Supplied records: Begin
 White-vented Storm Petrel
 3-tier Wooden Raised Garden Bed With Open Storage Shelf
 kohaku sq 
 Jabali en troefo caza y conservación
Supplied records: End
Supplied records: Begin
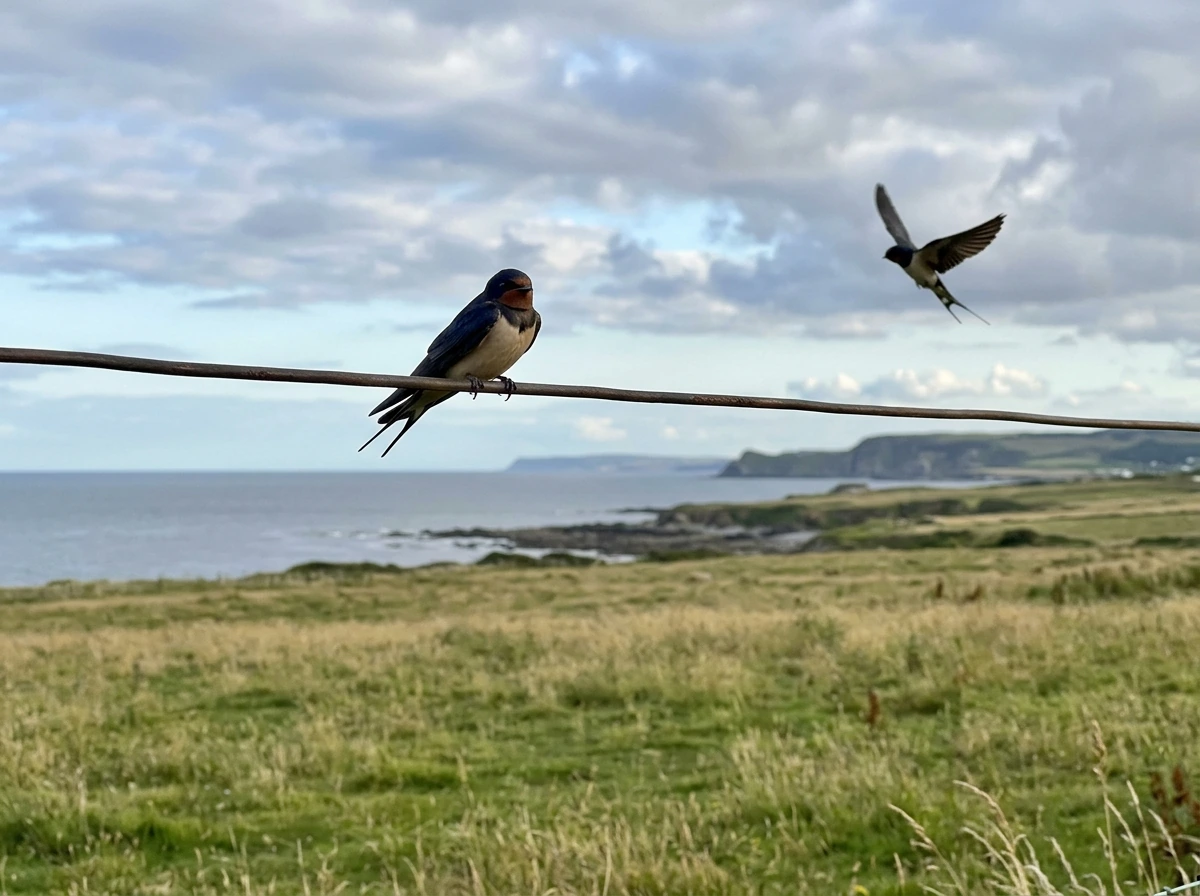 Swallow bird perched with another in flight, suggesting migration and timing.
Supplied records: End
= Problem statement =
After locating the line with "3-tier Wooden Raised" in the material above, return it and each line after it exactly, ending at the line with "Jabali en troefo caza y conservación".

= Result of the task =
 3-tier Wooden Raised Garden Bed With Open Storage Shelf
 kohaku sq 
 Jabali en troefo caza y conservación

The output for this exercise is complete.